Building a career between Russia and the UK

Ignaty Dyakov has been living in London for five years, but he still misses his hometown - Saint Petersburg.

Ignaty Dyakov, 30

Occupation: Works in consultancy and education

City of Origin: Saint Petersburg

From Saint Petersburg to London: I moved to London on September 15, 2008 to complete a master’s degree at University College London (UCL), and have been here for the past 5 years. I arrived at London Gatwick at 9.15am. It was an impromptu decision: I didn’t know that I would come to live here even half a year before I moved. For the first three days I didn’t see any English person in the streets. You are never taught about how multicultural London is at school. You definitely do not see the Sherlock Holmes-style London. When I landed, one of the first things I saw was Canary Wharf. I found myself wondering: “Am I in the States or in Britain?”

On missing Saint Petersburg: I still miss Saint Petersburg, but I guess it’s a very common feeling for people from that city... There are things which I wouldn’t mind having here from my hometown. People are so laidback and relaxed there. I miss that you can go out on the street and just wander around surrounded by all those masterpieces. You can go to the Hermitage for a quick walk and it’s still a special experience.

Adapting to a British lifestyle: Here they plan everything too much in advance. Once Christmas is over they will immediately start thinking about what to do for the next one.

On doing business in Russia and the UK: In business, a client might approach you half a year before actually placing an order. It’s different from what you would experience in Russia, where you can get things done with a snap of your fingers. However, I am definitely more relaxed when I do business here in London. It’s not that I experienced any particular pressure when I did business in Russia - I strongly disagree with people who say that it’s impossible to do business there. It is possible if you are doing everything according to the law, if you are making sure that you comply with it. But you are still stressed, and you can’t stop thinking of what would happen if something went wrong.

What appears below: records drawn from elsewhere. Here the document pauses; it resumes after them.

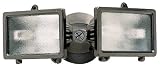 Bronze Finish 12 1/4 Wide Twin Halogen Security Light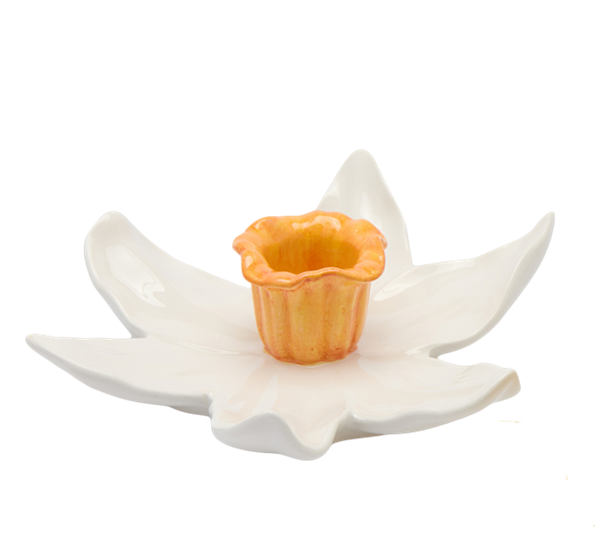 <p>Lysestake påskelilje h4 cm hvit EDG Enzo de Gasperi</p>
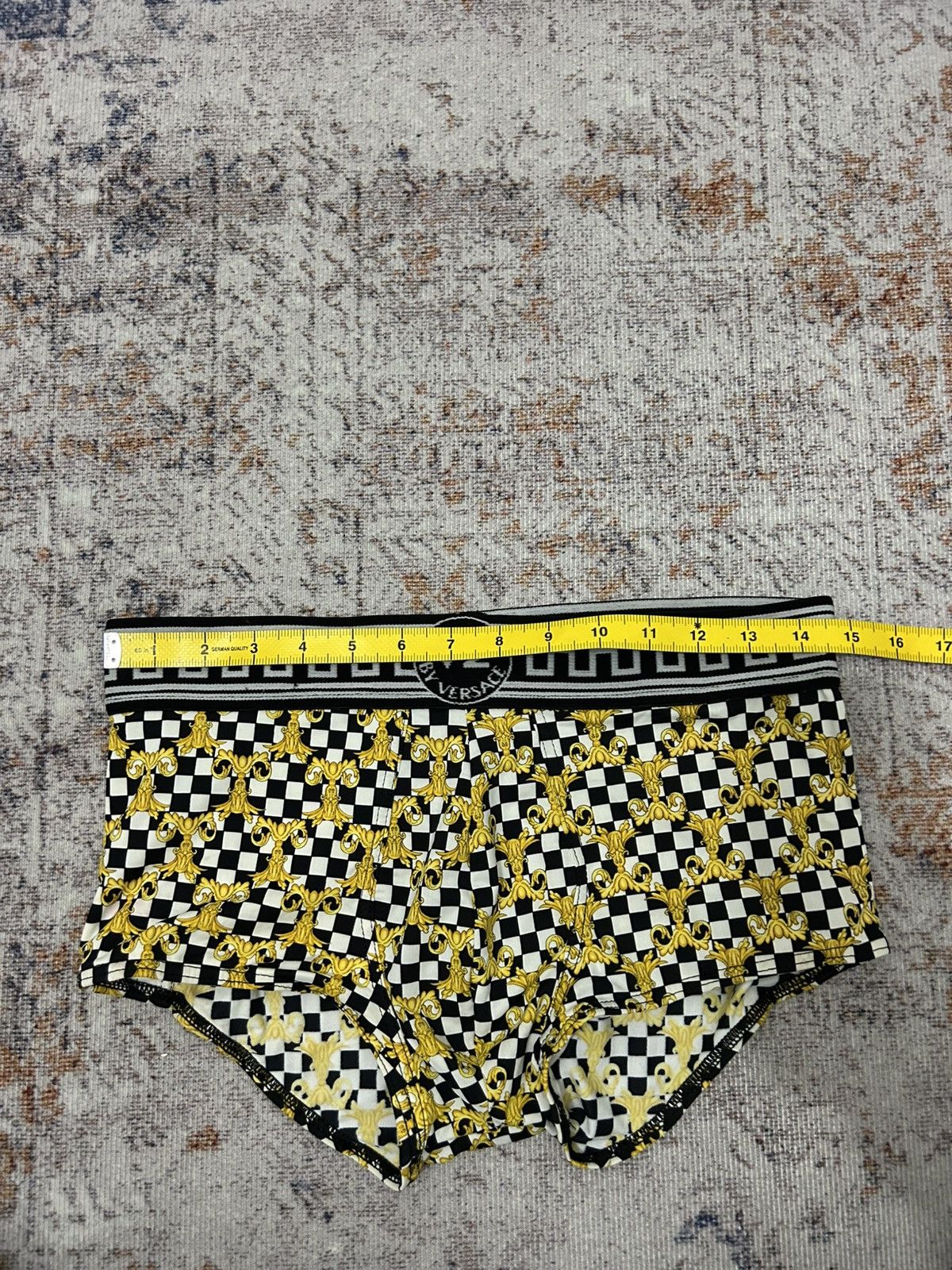 Versace × Vintage Vintage Versace Classic V2 Barocco Cheaker Print Size 30 - 7 Thumbnail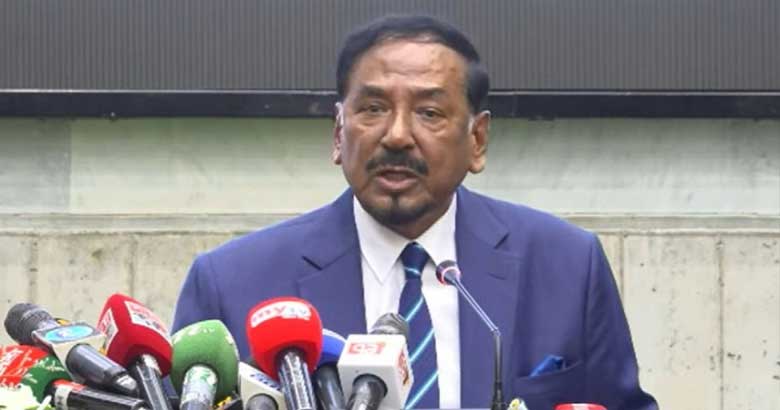 Speaker Hafiz Uddin Ahmed assumes charge as acting president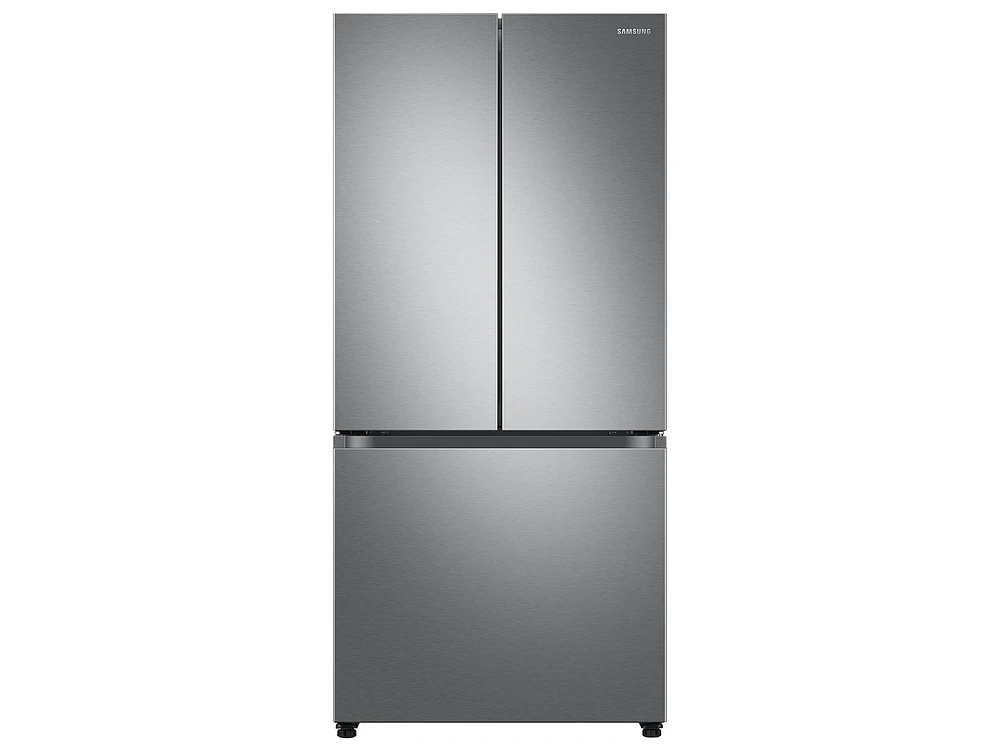 Stainless Steel 25 cu. ft. 3-Door 33" Counter Depth French Door Refrigerator with Ice Maker | Samsung US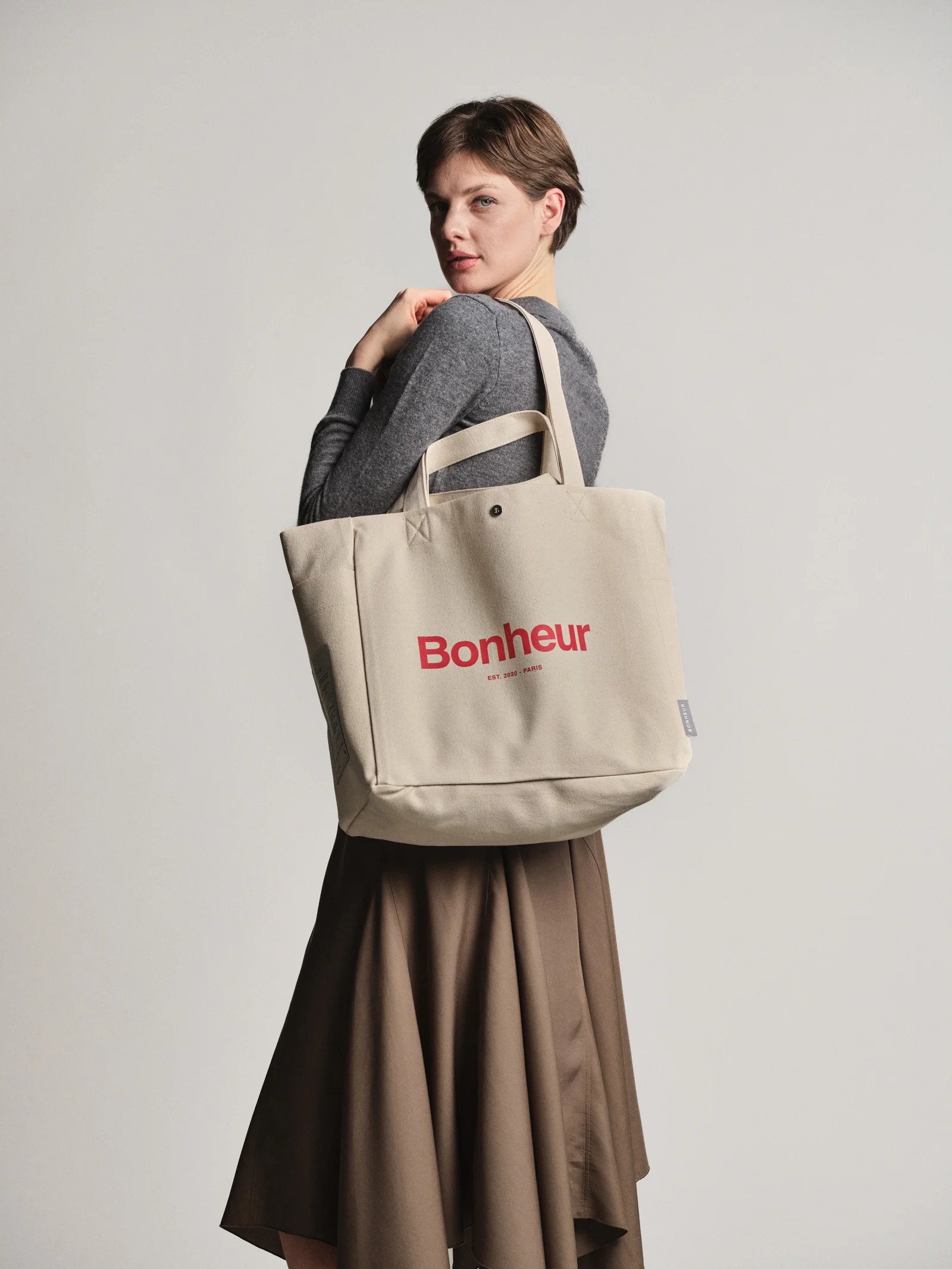 Bonheur Canvas No4 Cloud White
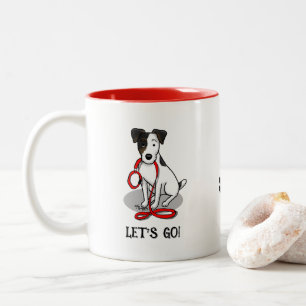 Süß Lass uns gehen! Jack Russell Terrier (dreifarb Zweifarbige Tasse
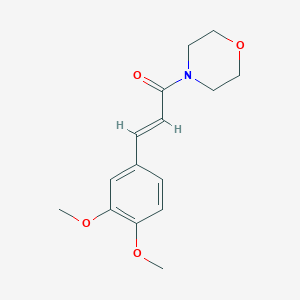 molecular formula C15H19NO4 B5707921 4-[3-(3,4-dimethoxyphenyl)acryloyl]morpholine 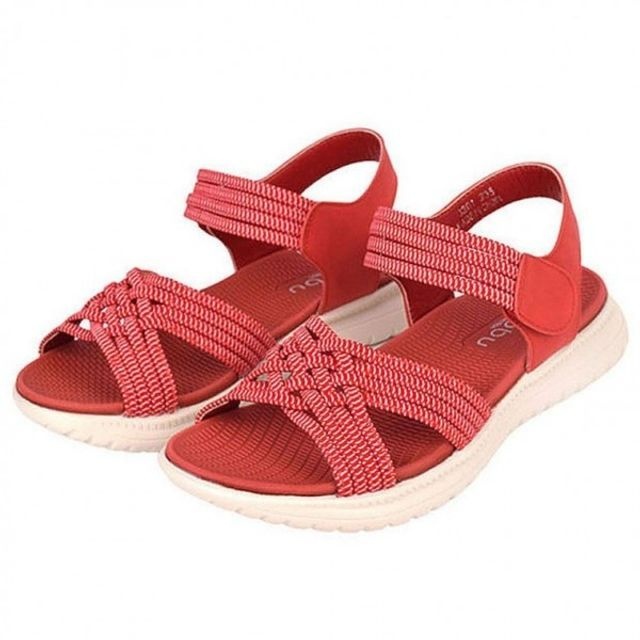 잇템즈 [빅세일]여성 샌들 캐주얼 키높이 슈즈 푹신한 스트랩 신발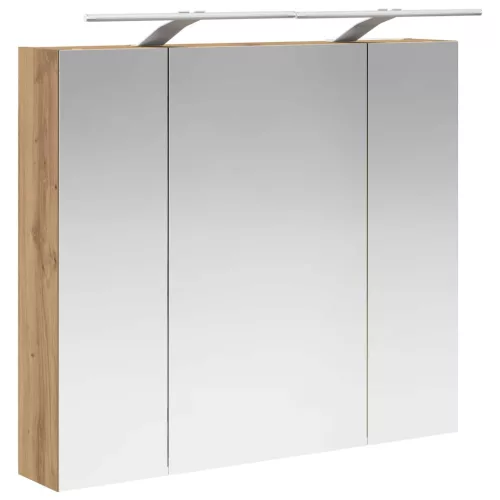  Fürdőszobai tükörszekrény Művészi tölgy 80 x 14.5 x 70 cm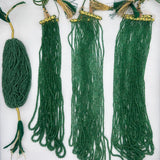 Natural Emerald Smooth Rondelle Beads 3mm to 5mm – 100% Natural AAA+ Gemstones – Ideal for High-End Jewelry Making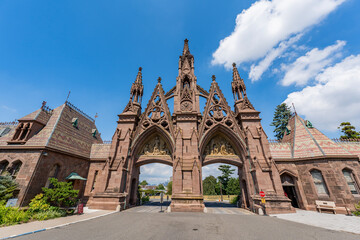 Cemetery entrance gates in Brooklyn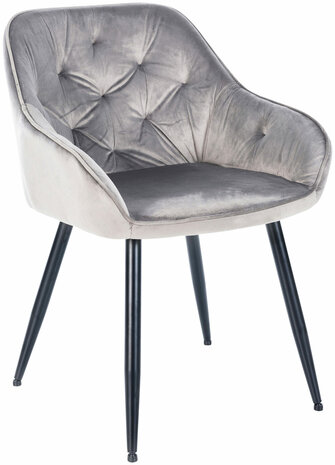 Set van 2 eetkamerstoelen Cissas, Grijs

Life in Essex: My wife and I have recently moved to the countryside, in Essex. It is a completely different world. London is very international. In Essex you feel a bit singled out. It would be the same if an Englishman had moved to the Russian countryside. On the other hand, we live on the seashore, near the Thames, and that makes it feel much more similar to Saint Petersburg and the Neva.

On being a Russian in London: I am not sure I ever felt like a true Londoner. I am a Russian in London, I am a Russian citizen and I even use my Russian language skills in my job. As an emigrant, I will never get the same level of understanding of the city that natives have. You can just hope that your children will integrate better.

On being Russian: Despite their Soviet past, despite the collectivism of the 19th century and the peasant communes, Russians are still very individualistic. They prefer doing everything on their own. You can see it now: in politics we don’t have any strong single opposition party. They know that there is something wrong, but they keep on fighting on their own - they never unite.

A childhood memory: I was in primary school immediately after the 1991 August putsch in Russia. In Soviet times you would have chosen to become an Little Octobrist and receive a red star to put on your uniform - it was the first stage to become a Young Pioneer. After the collapse of the Soviet Union Orthodoxy became increasingly popular, so children would be given two choices: being baptised or becoming a Little Octobrist. I remember standing in line and thinking: “Ok, there is this very nice cross that I can wear around my neck or this very nice enamelled perfect red star.” I kept on telling myself: “God, what do I do?” In the end I went for the cross.

Russian pride: Every Russian is proud of his country. I am proud of our culture, our architects, our painters, musicians, composers. On a level of mentality and character, Russians are very patient. Throughout history we have consistently proved to be an enduring lot.

On Russian literature: People abroad don’t know about Pushkin. They know of Tolstoy and Dostoevsky, but they never think about Pushkin. And he is one of the best. He created the modern Russian language. Dostoevsky and Tolstoy are for thinkers, but Pushkin is great for everyone.

Favourite place in London: Bloomsbury. It’s so relaxed. You go there and you are surrounded by all these academics and intellectuals. My university and the British Museum are located nearby. Small shops, parks, coffee shops - everything is so delightful.

A Russian hangout in London: I love popping into Russkiy Mir on Goodge Street. I know the people who work there and it’s always nice to have a chat with them.